:: Recorded information ::
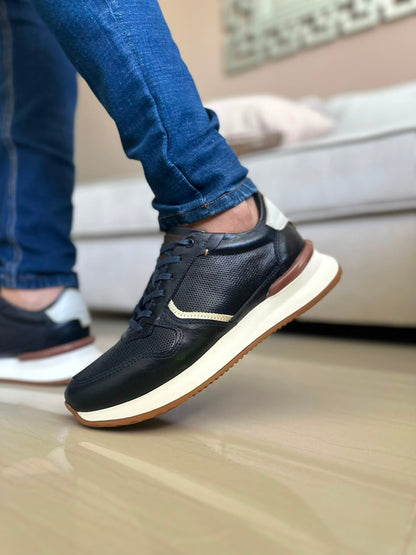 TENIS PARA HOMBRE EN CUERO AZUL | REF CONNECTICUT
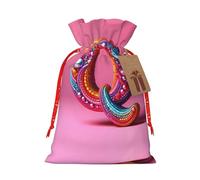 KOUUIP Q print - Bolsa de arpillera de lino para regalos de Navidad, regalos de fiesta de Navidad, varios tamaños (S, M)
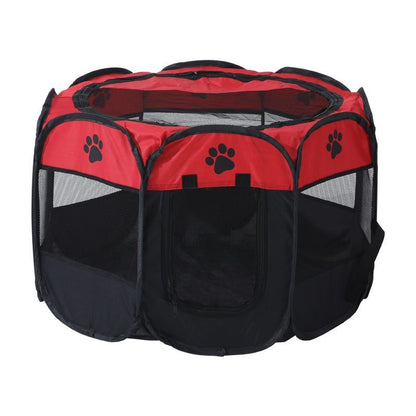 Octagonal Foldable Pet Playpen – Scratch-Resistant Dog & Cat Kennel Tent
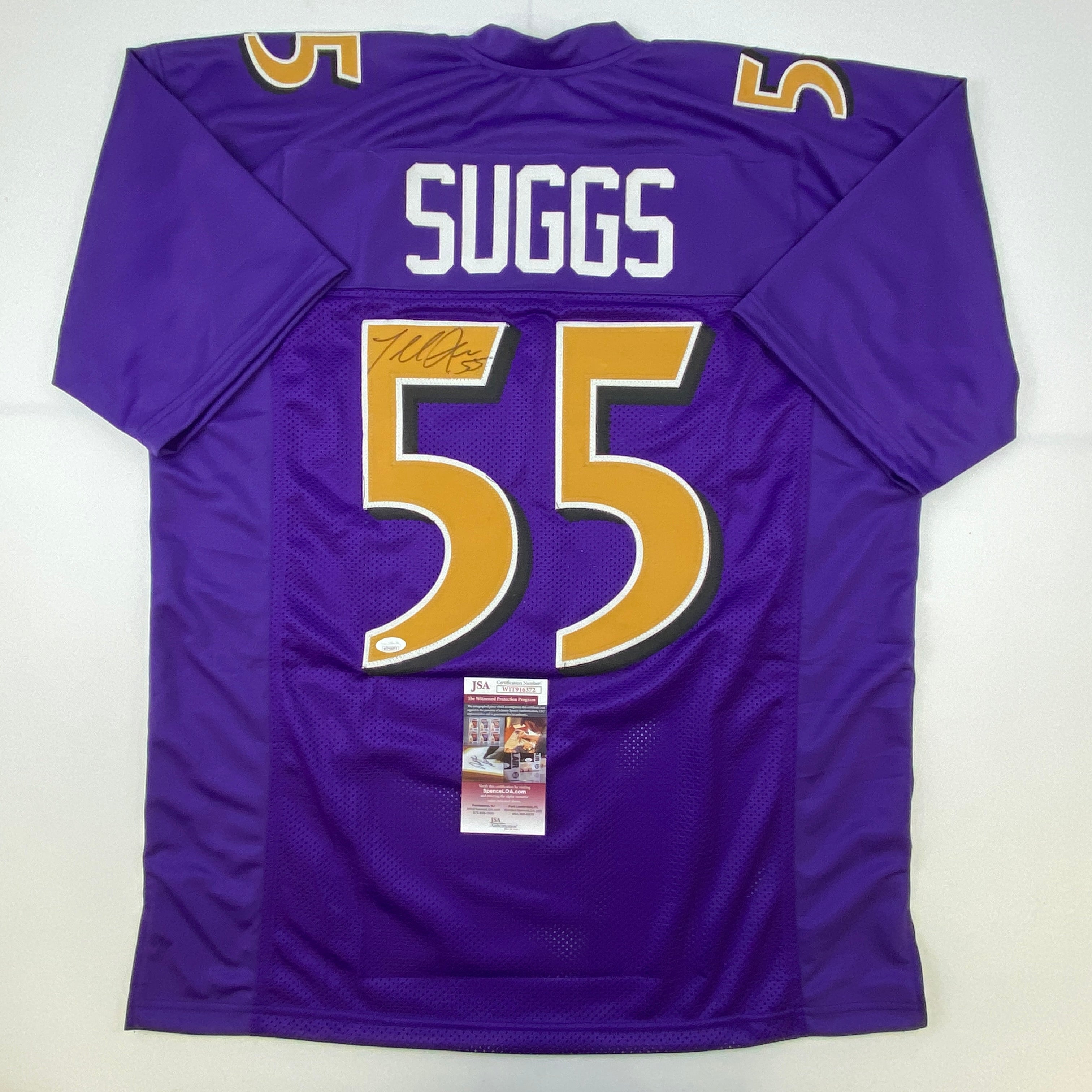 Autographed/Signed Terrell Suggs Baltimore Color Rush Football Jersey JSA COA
:::
:: Recorded information ::
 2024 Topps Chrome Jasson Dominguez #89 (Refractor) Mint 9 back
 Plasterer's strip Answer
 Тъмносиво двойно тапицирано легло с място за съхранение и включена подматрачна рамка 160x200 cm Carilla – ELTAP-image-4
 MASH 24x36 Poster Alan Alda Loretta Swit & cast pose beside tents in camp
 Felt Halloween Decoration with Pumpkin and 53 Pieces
:::
:: Recorded information ::
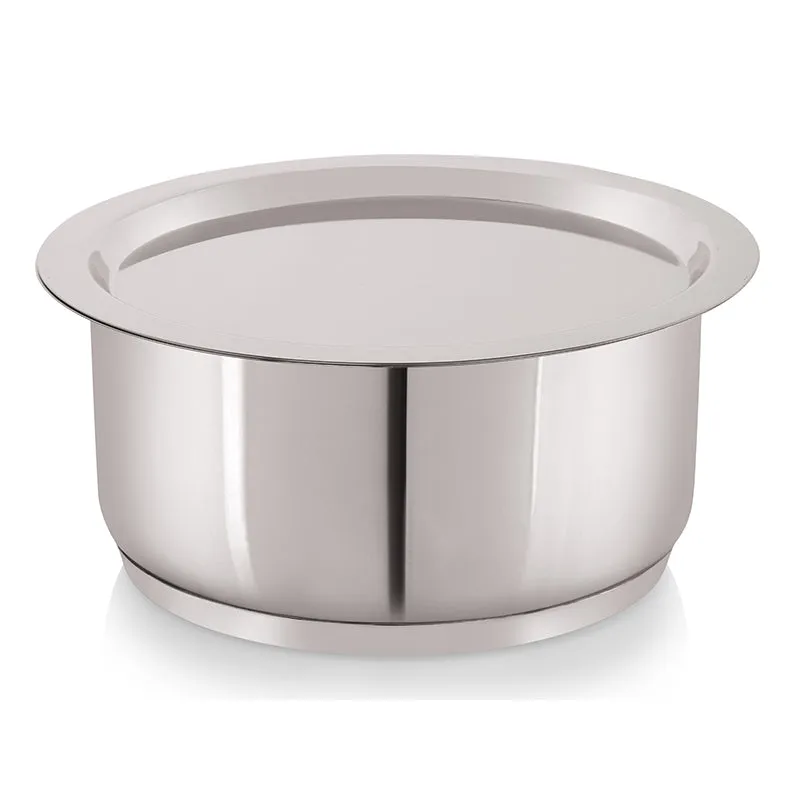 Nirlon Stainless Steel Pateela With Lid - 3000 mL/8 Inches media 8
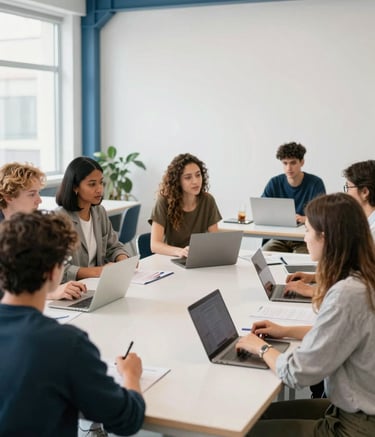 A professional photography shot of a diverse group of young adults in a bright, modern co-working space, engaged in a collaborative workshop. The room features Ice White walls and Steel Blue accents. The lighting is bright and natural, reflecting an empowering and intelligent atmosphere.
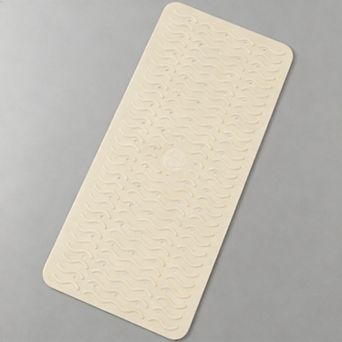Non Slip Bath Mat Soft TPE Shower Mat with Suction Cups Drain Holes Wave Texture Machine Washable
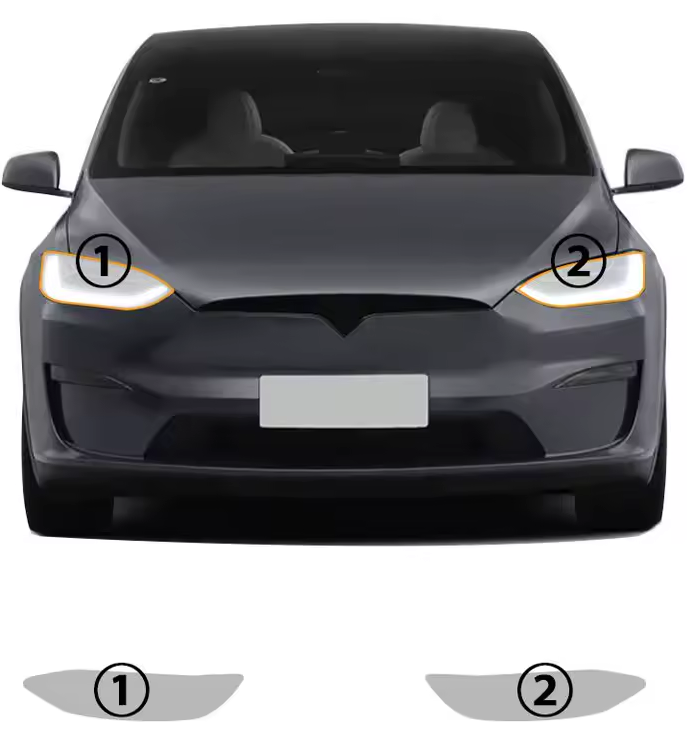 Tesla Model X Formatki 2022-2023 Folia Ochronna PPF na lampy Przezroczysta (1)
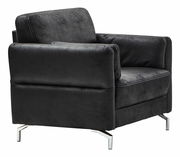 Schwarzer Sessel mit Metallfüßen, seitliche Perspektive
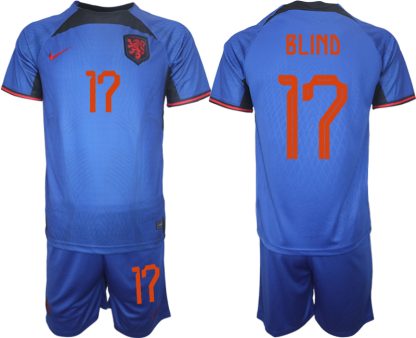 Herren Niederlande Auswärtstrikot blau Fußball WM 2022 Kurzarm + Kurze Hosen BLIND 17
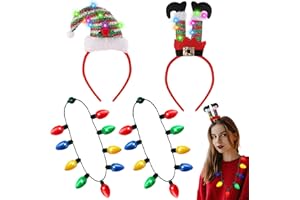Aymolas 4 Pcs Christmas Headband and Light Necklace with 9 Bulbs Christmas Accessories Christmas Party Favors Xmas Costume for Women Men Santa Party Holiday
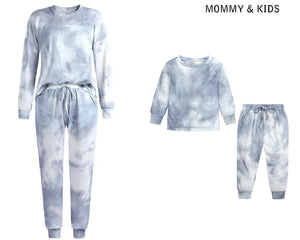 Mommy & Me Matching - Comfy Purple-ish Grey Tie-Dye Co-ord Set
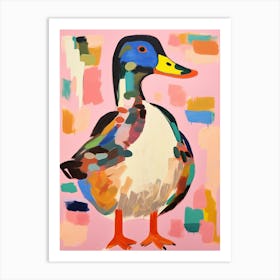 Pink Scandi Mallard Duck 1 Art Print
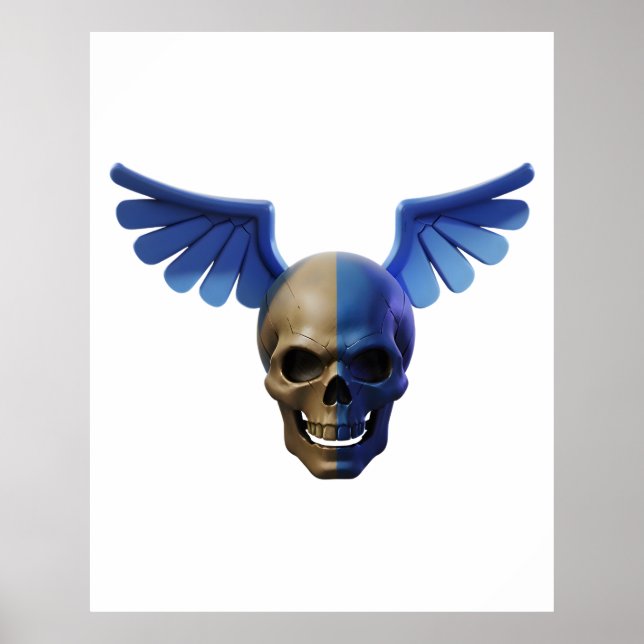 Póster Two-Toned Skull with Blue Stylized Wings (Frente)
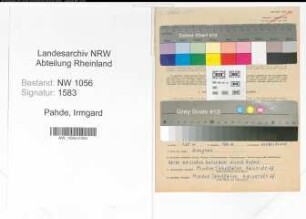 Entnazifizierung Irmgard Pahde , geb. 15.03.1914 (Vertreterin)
:::
*Task statement:* Within the listing above, print exactly the stretch beginning at the line that contains "Tesla Model X" and finishing at the line that contains "Herren Niederlande Auswärtstrikot", ends kept, pictures left out, and nothing more.

*Answer section:*
 Tesla Model X Formatki 2022-2023 Folia Ochronna PPF na lampy Przezroczysta (1)
 Schwarzer Sessel mit Metallfüßen, seitliche Perspektive
 Herren Niederlande Auswärtstrikot blau Fußball WM 2022 Kurzarm + Kurze Hosen BLIND 17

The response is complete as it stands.